Since it’s so easy to get predictive things out of this approximation, you have a ton of flexibility about using this in weird models. Here I fit a spatially varying diffusion coefficient in a simple PDE IVP (Stan model: https://github.com/bbbales2/gp/blob/master/models/diffusion_gp.stan – if anyone wants the R to run this let me know).
Equation is dc/dt = d(D(x) dc/dx)/dx
With initial conditions: c(0, x) = 0
And Dirichlet boundaries: c(t, -0.5) = c(t, 0.5) = 1)
I used method of lines discretization at like ~10 points on the x axis. Only the data at the final time is used. Grey areas are 95% confidence intervals, red line is truth used to generate the data, dark line is the mean of the posterior:
Or you can estimate a concentration varying diffusion coefficient (dc/dt = d(D(c) dc/dx)/dx
, and this uses 20 points on the x-axis if I recall correctly https://github.com/bbbales2/gp/blob/master/models/diffusion_state_gp.stan):
Those were both done with simulated data and I chose two conveniently pretty results :D, so caveat emptor if there’s anyone that cares about diffusion constants floating around here.

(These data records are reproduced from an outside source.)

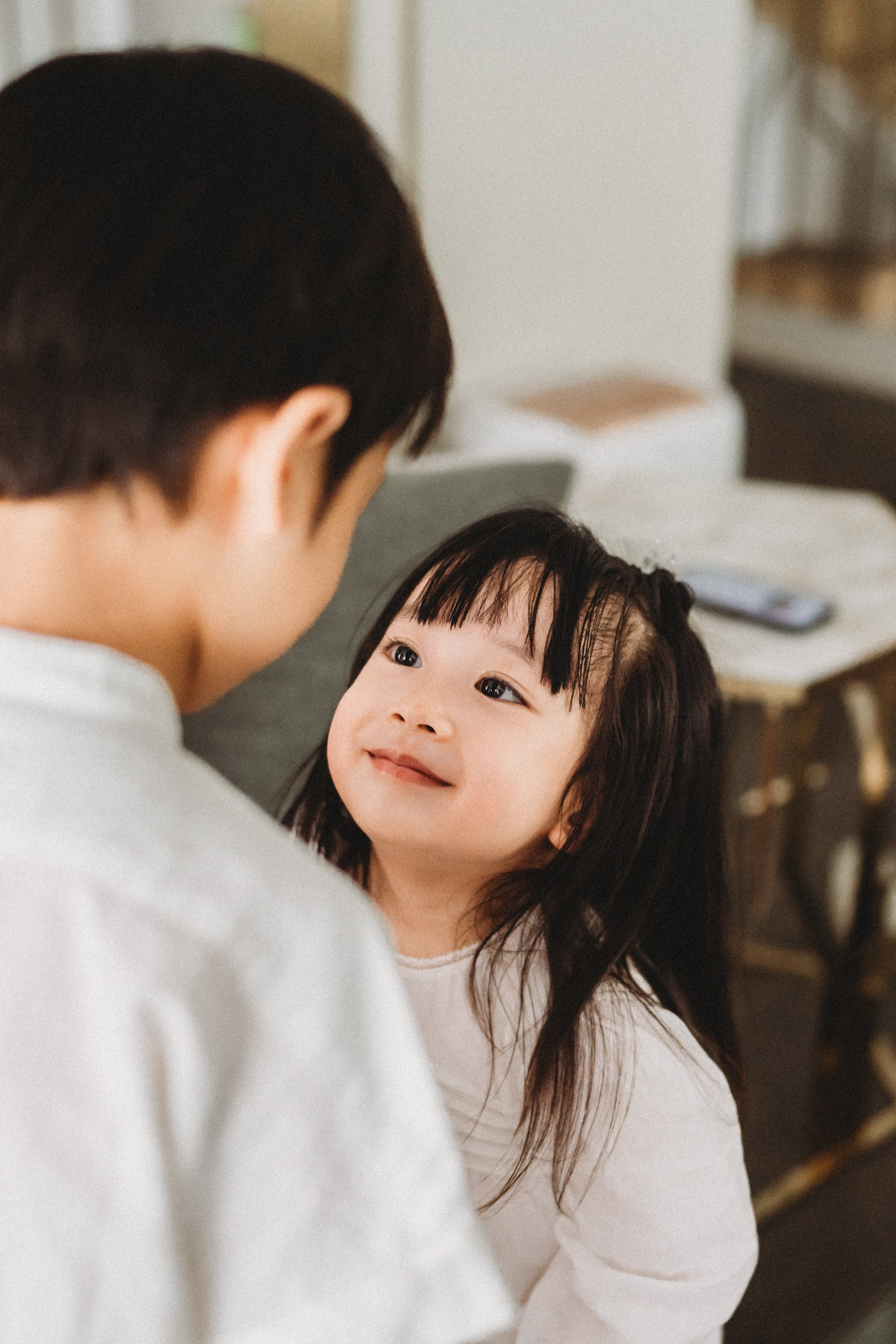 家庭纪实. Family Photographer Angie in Shanghai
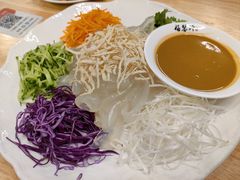 -福慧轩(东丽湖店)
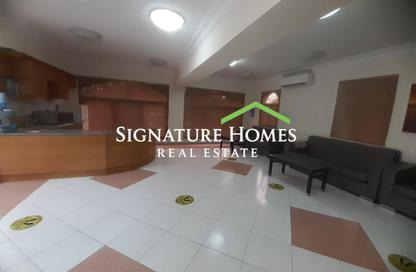 Villa - 3 Bedrooms - 3 Bathrooms for rent in Al Thumama - Al Thumama - Doha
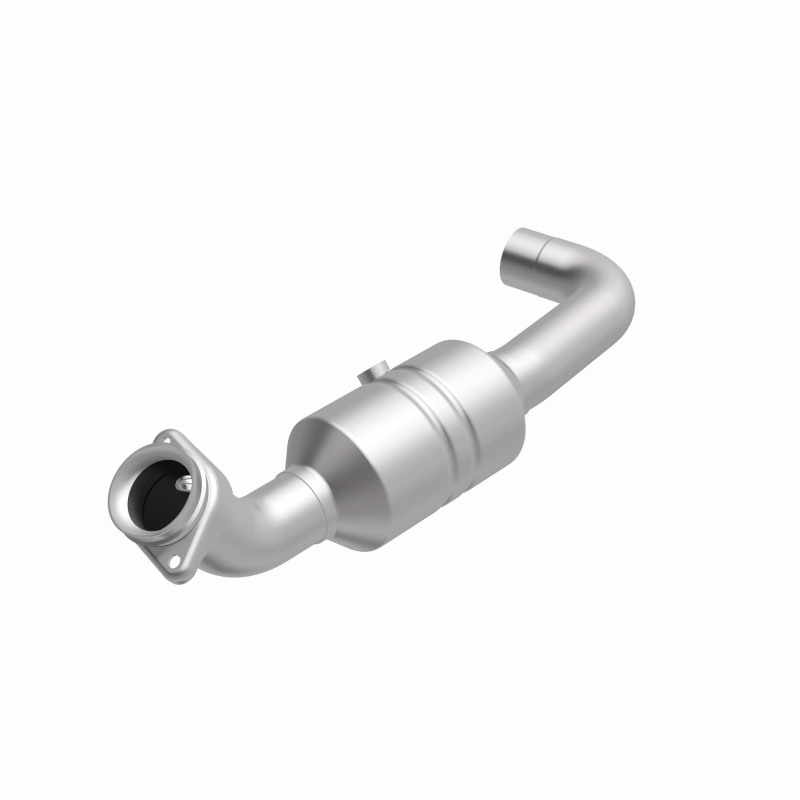 Ford F-150 Catalytic Converter - Underbody - Magnaflow - Direct-Fit, OEM Grade - `11-`14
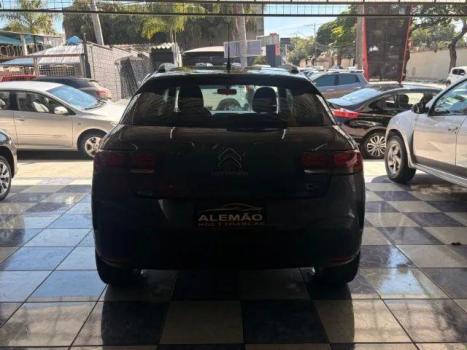 CITROEN C4 Cactus 1.6 16V 4P VTI 120 FLEX FEEL BUSINESS AUTOM�TICO, Foto 10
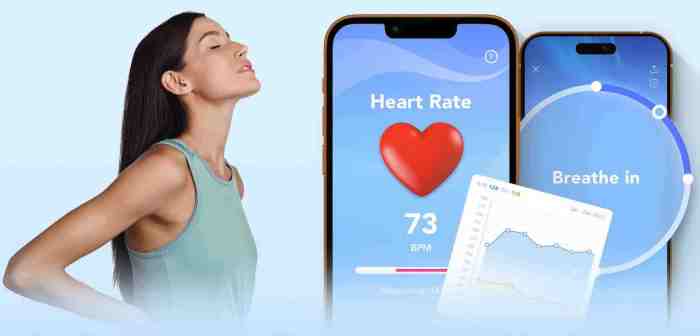 Blood pressure app free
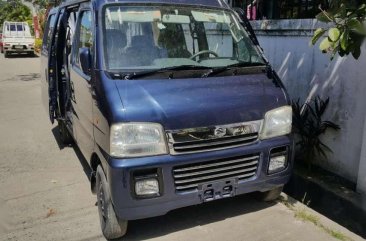 Suzuki Every wagon for sale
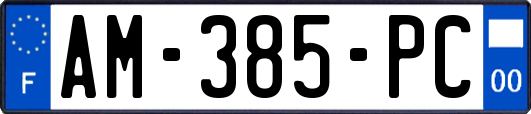 AM-385-PC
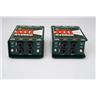 2 Radial JDI Stereo Passive Direct Boxes #58771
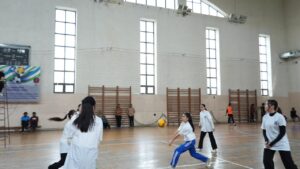 Voleybol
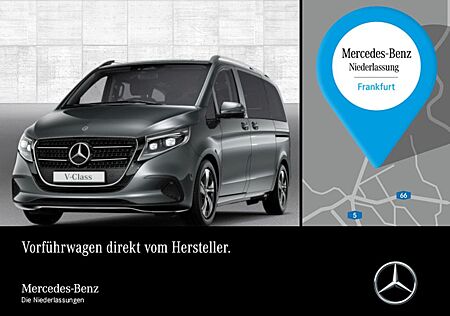 Mercedes-Benz V 250 d Kompakt STYLE+9G+Navi+DIS+e.Türen+Klima
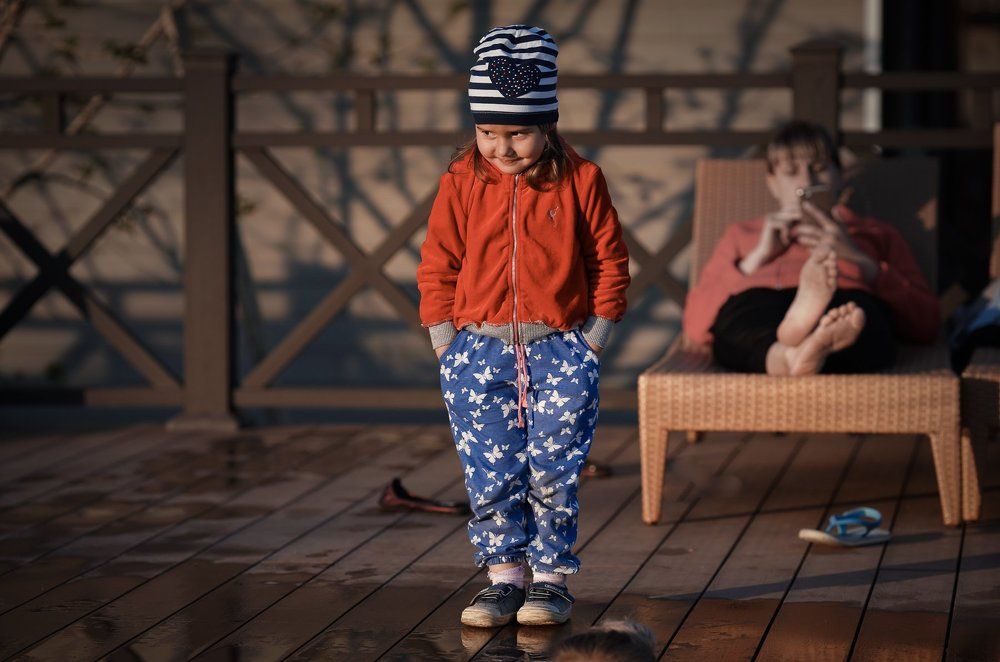 Photograph by Антонов Алексей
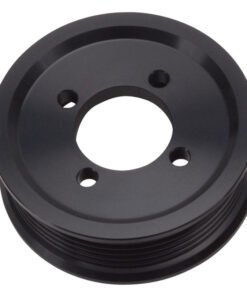 Edelbrock Pulley Supercharger E-Force Competition 3 25In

Anyhow, that’s a big wall of text hopefully it’s useful to someone. I dunno what the actual name for this stuff is. This seems like maybe it’s the fancier version: http://quinonero.net/Publications/lazaro-gredilla10a.pdf
Edits: Added some more plots to explain how error in the approximation comes about and fixed a few issues I noticed.
Edits 2: Fixed a sampling statement. Tnx Arya